Task details —
A line belongs in the answer if it contains "patio"; copy every such line from the entries below.

The records —
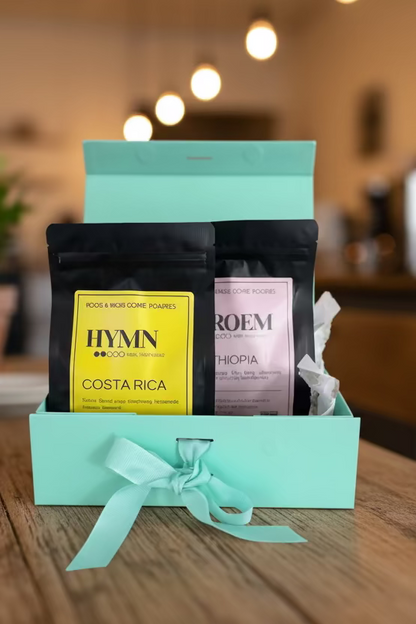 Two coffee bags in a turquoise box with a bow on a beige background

...

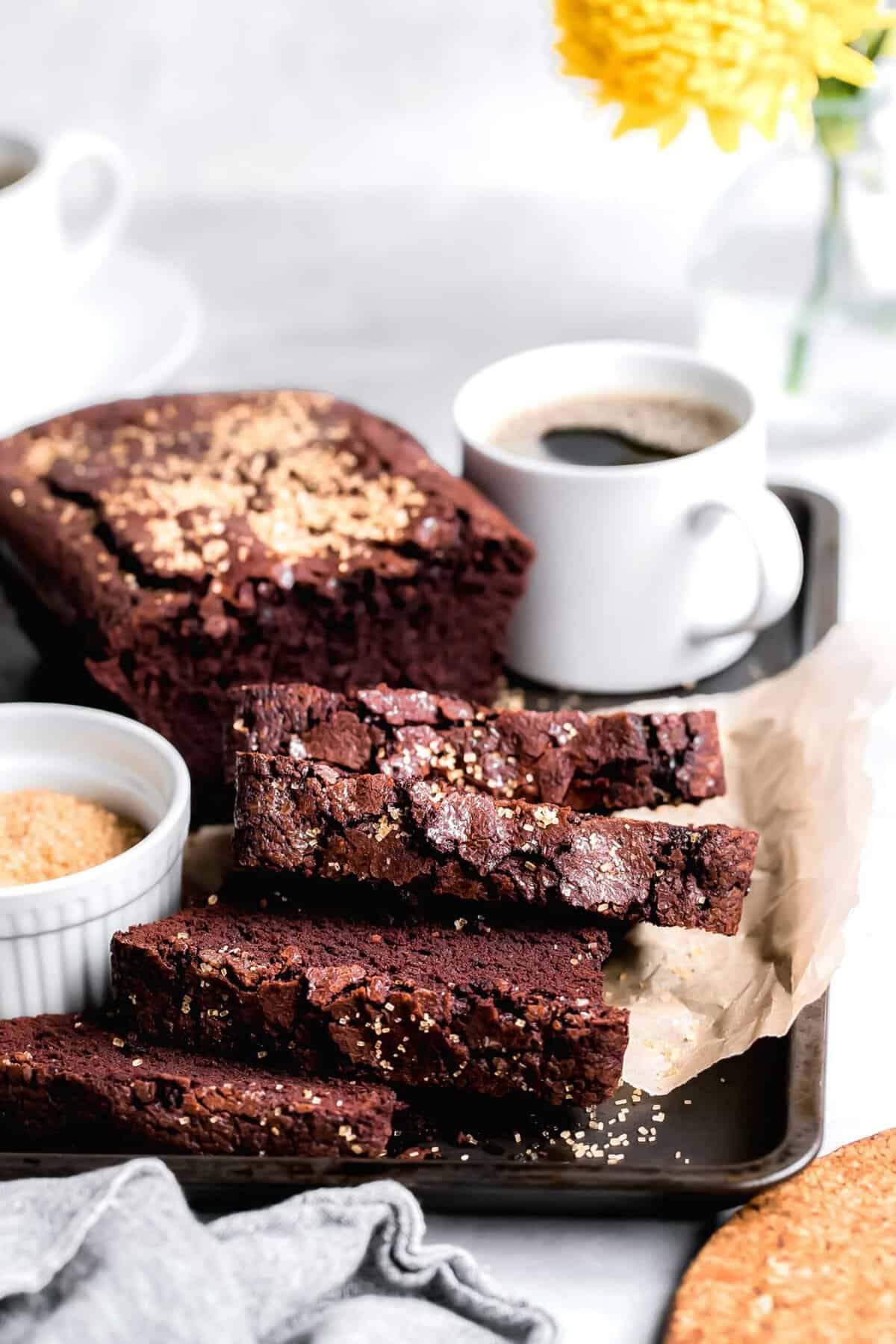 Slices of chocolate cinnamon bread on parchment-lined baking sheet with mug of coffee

--

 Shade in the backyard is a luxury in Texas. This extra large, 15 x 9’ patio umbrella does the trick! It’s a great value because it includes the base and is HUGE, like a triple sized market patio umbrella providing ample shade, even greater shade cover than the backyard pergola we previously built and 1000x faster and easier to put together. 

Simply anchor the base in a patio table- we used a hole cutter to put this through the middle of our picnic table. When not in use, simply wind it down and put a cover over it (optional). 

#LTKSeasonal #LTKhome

Solution —
 Shade in the backyard is a luxury in Texas. This extra large, 15 x 9’ patio umbrella does the trick! It’s a great value because it includes the base and is HUGE, like a triple sized market patio umbrella providing ample shade, even greater shade cover than the backyard pergola we previously built and 1000x faster and easier to put together. 
Simply anchor the base in a patio table- we used a hole cutter to put this through the middle of our picnic table. When not in use, simply wind it down and put a cover over it (optional). 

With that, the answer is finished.